[Netarchivesuite-curator] NAS news from the BnF

peter.stirling at bnf.fr peter.stirling at bnf.fr
Tue Jan 10 10:53:46 CET 2012


Dear All,

As agreed during our meeting in Paris in November, here is a round-up of 
recent developments involving NetarchiveSuite at the BnF. 

- Harvesting with NetarchiveSuite
The year 2011 was the first one when BnF used only NetarchiveSuite to 
organize all its crawls. We managed one broad crawl (as in 2010) but we 
also started a daily crawl for newspapers and focused crawls with 
differents schedules. We finished the year with 1.6 billion of harvested 
URLs (1.2 billion in 2010) for a compressed weight of 57 To (43 To in 
2010).

The main challenge for 2012 will be to manage crawls for the French 
presidential and general elections. We will notably try to collect Twitter 
several times a day.


- Snapshot harvest at the Bibliothèque nationale de France
As announced in October 2011, we finished our snapshot harvest on December 
26th. These are the three main figures : 1 billion of harvested URLs, 
compressed weight of 32.6 To, duration of  11 weeks. The crawl went well 
except that we had an incident between step 1 and step 2 : we had less 
domains registered for step 2 compared with 2010, although the number of 
seeds was bigger. This was due to a parameter which calculates the number 
of generic errors of URLs (errorpenalty in the order.xml) : we commonly 
used it when we only had Heritrix but this time, with NetarchiveSuite, the 
report indicated only 999 harvested URLs instead of 1,000 when one error 
occurred. So we had two steps 2 : the first for 49,000 domains (for 
domains that had reached the limit of 1000 URLs in NAS), the second for 
53,000 domains (for domains that had failed to reach the limit of 1000 
URLs, but instead had 997, 998 URLs and so on due to the errorpenalty 
value).

During the monitoring, we noticed a large number of sites on e-business, 
online directories and ads, municipalities websites. We decided to stop 
collecting websites which last too long (about 3 to 5 per job): for step 
1, this meant generally after 1 day; for step 2, generally after 4 days.
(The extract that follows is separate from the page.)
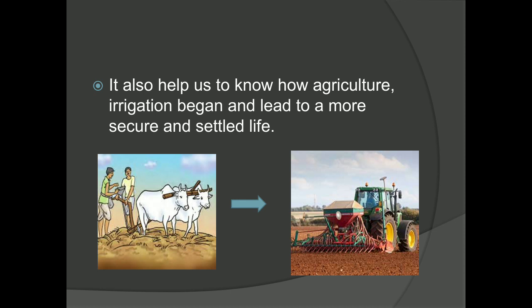We also want to know about agriculture and irrigation — how they began and how we led to a more secure and settled life. Through these two pictures, you can see that people were using animals and wood or stone tools to do irrigation. But now, there are highly advanced machines doing the same work in a more efficient manner.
BnF would be interested to have some information about your own 
observations on your 2011 broad crawl.


- New curator tool : BnF Collecte du Web (BCWeb)
Since April 2011 we have been developing a curator tool for use by our 
network of 80 subject librarians at the BnF, with the aim of opening it up 
to external partners, notably for the election crawls. The tool, known as 
BCWeb, organises URLs using the types of collection we already use, by 
thematic departments and projects. It allows selectors to define the 
parameters to be used by NAS (depth, frequency and budget) as well as 
documentary fields such as keywords and notes. Search and browse features 
allow users to keep their selections up to date. An administration module 
allows the web archiving team to load the data into NAS: adding new URLs 
to Harvest Definitions and updating or deleting old ones.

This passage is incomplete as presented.